Fifth-generation wireless technology, simply referred to as “5G,” is up to 100x faster than current 4G technologies. 5G wireless systems come with significant complexities that previous generations of cellular wireless did not experience, allowing lower latency for faster responsiveness, and the ability to connect more devices at once. To address these complexities, carriers are integrating artificial intelligence (AI) into their networks.
Defining Machine Learning and Deep Learning in 5G
Machine learning (ML) is a subset of Artificial Intelligence computer algorithms improved through experience rather than through programming. A fundamental 5G characteristic is predicting activity across the network and managing it. Since 5G transmits high volumes of data faster than previous networks, it is ideally suited to work with ML, which requires massive amounts of data to accurately predict activity. Machine learning in 5G is fast, accurate, and relatively seamless.
Deep learning uses many levels within ML, each providing a different interpretation of the data. The subsequent network of algorithms is known as artificial neural networks because it resembles the neural networks of the human brain.

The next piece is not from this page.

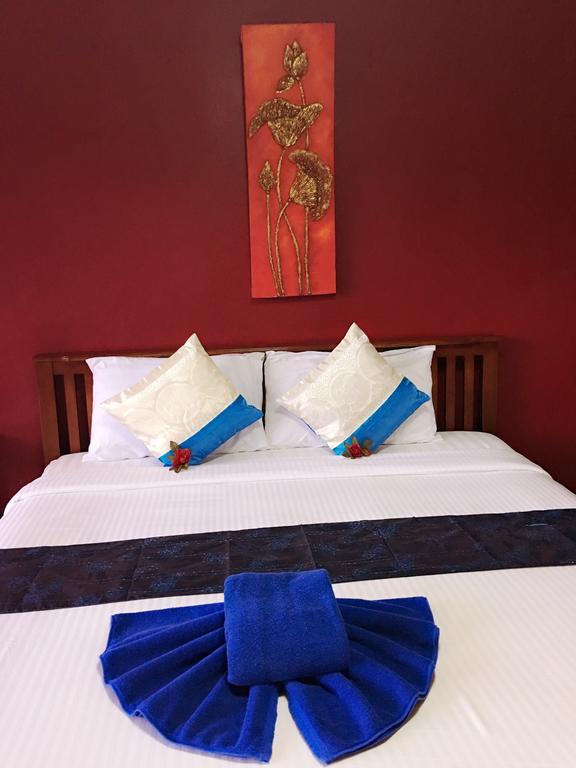 Green Leaf Guesthouse Krabi town Exterior foto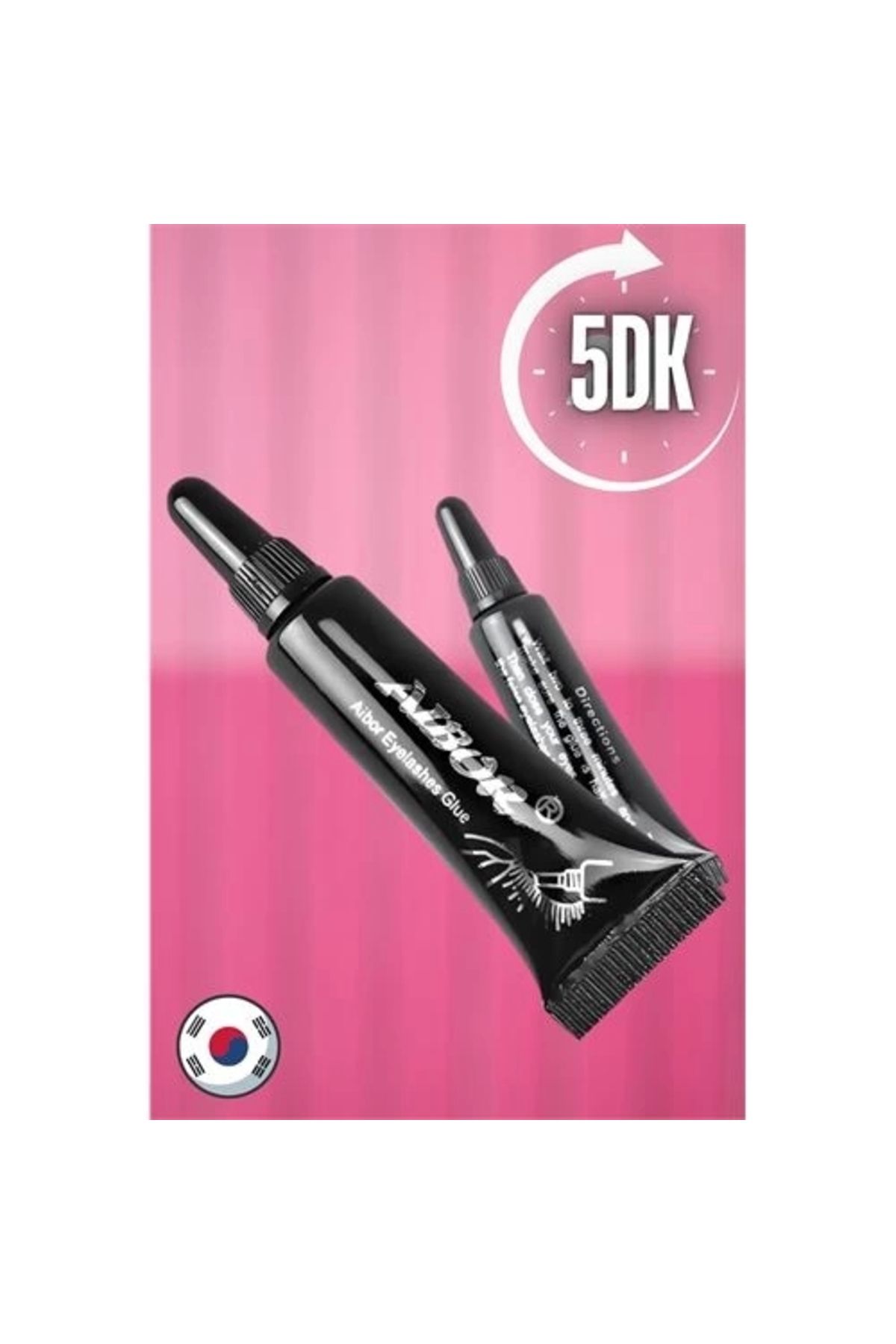 No8 Home Kirpik Yapıştırıcı Siyah 5 Dk Da Hızlı Kirpik Yapıştırıcı Aıbor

Challenges for Today’s 5G Wireless Networks
Because 5G is so much more complicated than previous generations of wireless networks, machine learning is necessary to make networks work as to full potential. Current 5G systems use more power than predicted with lower actual data rates than estimated without making use of functions such as predictable user and channel estimation effects. The key to addressing these problems is replacing embedded algorithms that have been in place since the 2000s with deep learning designed for 5G and 6G.
Machine Learning Improves 5G Networks Data Traffic
5G networks operate at higher frequencies with very wide channels. They use highly complex antenna configurations which apply beamforming as well as other complicated connectivity systems. 5G networks use multiple-input-multiple-output (MIMO) antennas to handle much more data over the same data signal at the same time. MIMO allows far more data transmitted across the network without negatively impacting the transmission of other data.
Machine learning is the key to handling all that data without interruption and with lower power consumption. ML allows the 5G network to analyze data patterns and use learned models to transmit data more efficiently. Machine learning analyzes the results from transmitted and received baseband data and uses them to optimize wireless channel encoders. The optimizer is an artificial neural network (NN). Using a training algorithm, the NN creates a model of the channel and feeds the data into the ML algorithm. The more data the optimizer is fed, the better it can learn and produce more accurate results.
A 5G network, can therefore, not come close to achieving its full potential, without machine learning. 5G wireless networks must be predictive and proactive without the need for continuous programming of new algorithms. Integrating ML into 5G technology allows intelligent base stations to make decisions for themselves and create dynamically adaptable clusters based on learned data. This improves the efficiency, latency, and reliability of network applications.
How does Machine Learning Help 5G Networks and Vice Versa?
What does all this mean for the everyday data user? By using machine learning to improve network functions, 5G network operators are able to devote less time to managing networks. This allows for an increase in the development of Internet of Things (IoT) devices with more purposeful uses. Furthermore, users are able to connect to more IoT devices at once. IoT devices will become available to a variety of new fields, including business, manufacturing, healthcare, and transportation. Possible use cases include self-driving vehicles, time-critical industry automation, and remote healthcare.
On the flip side, the speed and low latency of 5G allows machine learning algorithms to make rapid decisions. Once a NN has been trained to perform a task or set of tasks, the analysis will become automatic, faster, and far less costly. Therefore, cloud-based services will speed up to approximate the speed of using a service locally. The data is then analyzed faster, allowing AI to develop according to a user’s needs.
With ultra-reliable low latency and data transmission up to 10 times faster than 4G, 5G networks powered by machine learning are poised to make the futuristic imaginings of the past a reality sooner rather than later.